The inner and the outer

Our first item of clothing is our skin. The body we are in. We cannot choose a color or a shape. Your skin, your body, your first suit already contains so much information and carries so much history with it and that affects your identity even before you have put on any piece of clothing.

(Work in progress: The inner, an inside-out costume consisting of organs made of textile)

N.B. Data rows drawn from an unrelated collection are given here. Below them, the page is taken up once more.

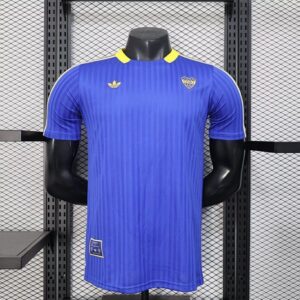 2025-26 Boca Juniors Maillot Domicile Retro Version Joueur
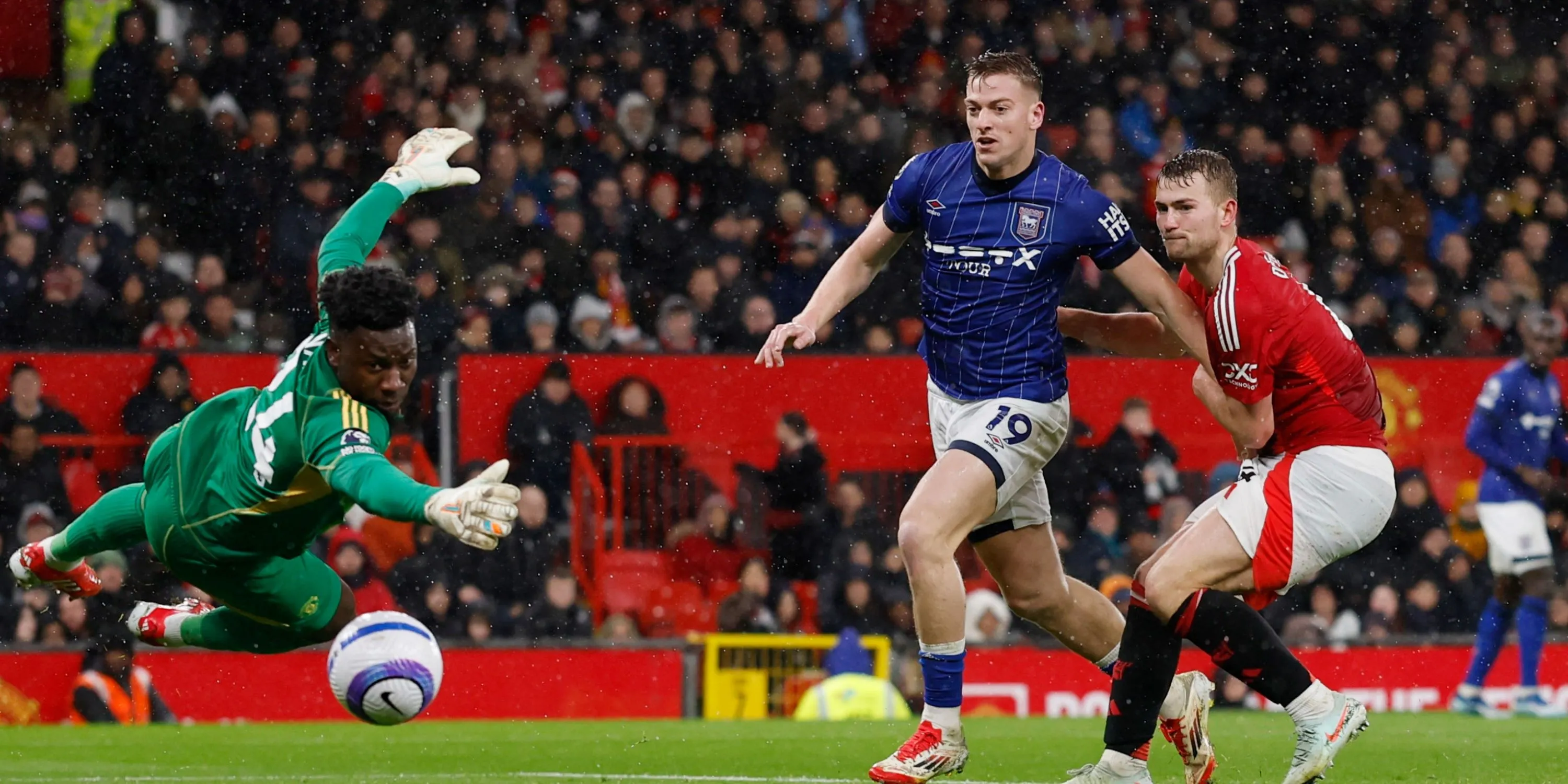 Liam Delap, một mục tiêu tiềm năng của Chelsea, đang thi đấu cho Ipswich Town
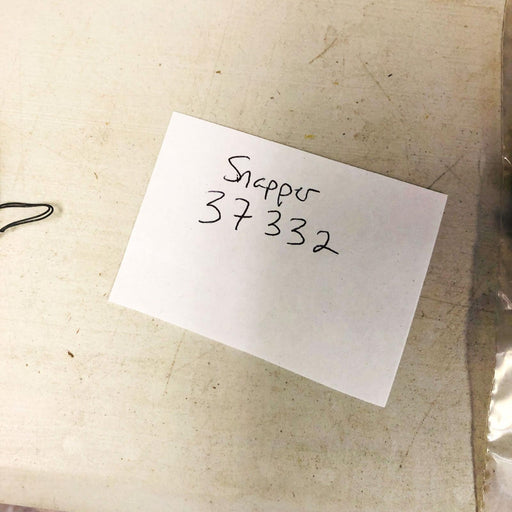 Snapper 37332 Lower Handle Bar OEM NOS Superseded to 7037332YP White Loose 2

Then follow the next layers with which you can influence that identity somewhat. As a person you always carry a context with you. If we could see that context as a piece of clothing, an extension of our body and we were able to wear it, what woud it look like? What would I wear?
 
When I travel I think about what makes me a stranger when I’m somewhere else, why the rules are suddenly different for me or don’t apply.
It can bring freedom. But sometimes it is too tight a framework.
For example, if you’ve been living somewhere for three months and people are still shouting “Welcome to my country!” then you suddenly feel a little less welcome, and you wonder when you are aloowed to become one of them.
 
While I visited Ethiopia in 2019 I started to wonder how I could wear my own context. Like a piece of clothing. Maybe I could make sure that people no longer had a reference and no starting point to compare me with anything.
How will they then approach that stranger?
I made a package or costume out of banana leaf and bamboo and grass that could completely cover me so that nothing of my own self was visible.
I walked down the street in it.
At first it felt safe inside the suit. Nobody saw me. Nobody knew what or who I was. I didn’t have to smile or to answer to anyone. But at some point I started to feel a little lonely. People made a lot of contact with me, but it wasn’t really me. I couldn’t see them and they couldn’t see me, at least not ‘really’. They made contact with my outside. I noticed that I wanted to reveal myself in order to make real contact and that I also wanted to own some parts of my supposed identity.
 
But I also noticed, because I became disconnected from people, that I didn’t actually show anything of myself. It wasn’t me who did the performance, it wasn’t me who was on ‘the stage’. It was the audience who responded to me, who did the real performance. They began to reveal themselves through my concealment.
Some people made a cross to ward of evil, others thought the suit was very beautiful and wanted to touch it. Some people thought it was a forgotten Ethiopian tradition. Some people were happy about it and others commented on how much bread you could have made from all that banana leaf.
The costume revealed the fear, pleasure, curiosity, practicality, misunderstanding, and sense of beauty in the people themselves.
Perhaps when people recognize little to refer to, they directly create their own individual context for something.
That says more about themselves than about the others.
 
Since then I have made more costumes (three of which are currently on display at Musuem Villa Mondriaan). The costumes are more than just a shell, they are an exploration of possible identities.
Which part is coincidence, which part is allocated and which part is a personal achievement?
Identities reside in a symbolic time and space in an imaginary geography. They are fictional, so to speak. Made up by a group, by an entire society or a political idea.
“Wearing” a stranger is a truly transformative activity. Although you are being watched yourself, you are secretly spying on your audience.